Google also hoped to make shiploads of money. Lawmakers and human rights activists criticized the company's willingness to abandon its informal "Don't Be Evil" motto of social responsibility for the sake of short-term wealth. Still, cofounder Sergey Brin and other company officials maintained that even a censored version of the company's search engine was better than none at all.
But that was then. Google has startled the planet by threatening to walk away from the world's fastest growing economy. Last week the company threatened to shut down its China-based site over censorship and e-mail hacking. The attacks were made against Google, the company said, and at least 20 other large companies that included "the Internet, finance, technology, media and chemical sectors."

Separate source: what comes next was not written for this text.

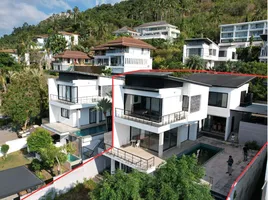 5 Bedroom Villa for sale in Koh Samui, Maenam, Koh Samui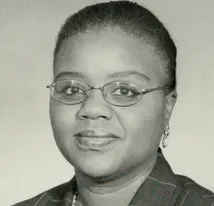 Marie St. Fleur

Could this be the end of Google in China? Not quite. Although Google announced on Jan. 12, "We have decided we are no longer willing to continue censoring our results," two days later company spokesman Scott Rubin sang a different tune. Google's business in China would continue unchanged, he said, pending talks with the government to see if the company can legally operate without filters.
You can tell a lot about a regime's paranoid anxieties from what it censors and how much. Media censorship in China centers mainly on what one of my American journalism colleagues during a recent visit to Shanghai called "the four T's: Tibet, Taiwan, torture and Tiananmen," as in the historic 1989 Tiananmen Square uprising that the government violently put down.

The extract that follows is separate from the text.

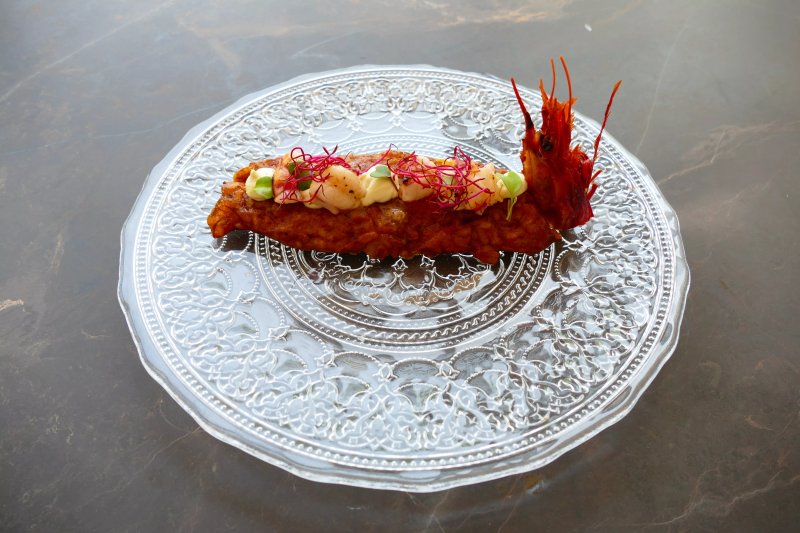 Mater Terrae Restaurant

A Chinese colleague politely corrected him. "I think Taiwan is becoming OK now," he said. But who knows? Even the officials and bureaucrats who enforce the rules have a hard time keeping up, which only adds to the regime's power. They don't need to censor you on every little thing if they can intimidate you into censoring yourself.
Will Google's line in the sand blow away in the breeze? Significantly, its announcement expressed less alarm over censorship than over cyber attacks that "resulted in the theft of intellectual property." That's worth pulling out of China if the most likely suspect, China's government, is behind it.

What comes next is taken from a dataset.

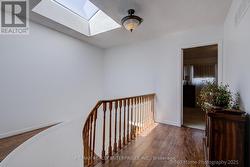 Fabulous skylight -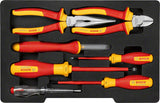 EAN 4053423246971 - Bosch 1.600.A02.NG3 7 herramientas imagen 2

"Intellectual property" includes the innovative knowledge and ideas that put a company ahead of its competitors. It also includes the defense industry that puts a nation ahead of other nations.
That may be the real story behind Google's pushback against the Chinese government. It follows a series of aggressive moves by China's government that espionage and foreign policy experts say could be the opening rounds in an escalating 21st-century cyber-war.
A report to Congress two months ago by the U.S.-China Economic and Security Review Commission cited a "marked increase" in "malicious" cyber intrusions originating in China and targeting U.S. government and defense-related computer systems. Unable in their repressive political environment to incubate and innovate enough new private-sector ideas of their own, experts say, China steals ours.
Google's leverage in its dispute with China's government may be its own popularity. Even though it runs a distant second in popularity to China's home-grown Baidu search engine, recent news photos of fans laying flowers at Google's Beijing headquarters visibly symbolize millions of users who want more choices and more information access, not less. The Communist regime does not allow free elections, but experts say it pays no less attention to public opinion polls than the free world's politicians do.
"I think Google probably should negotiate with the Chinese," Cheng Li, a senior fellow on foreign policy at the Brookings Institution, told me in a Washington interview. "The fight for public opinion is going on. Who will be the winner is really unclear. So the government must be very careful. If they do too much (against Google), the backlash against them could be overwhelming."
Welcome to the new century. It is a time when global warfare is fought silently over the Internet, companies compete with national governments for the hearts and minds of the people and it is often simpler to know what avoids evil than to know what's going to do the most good.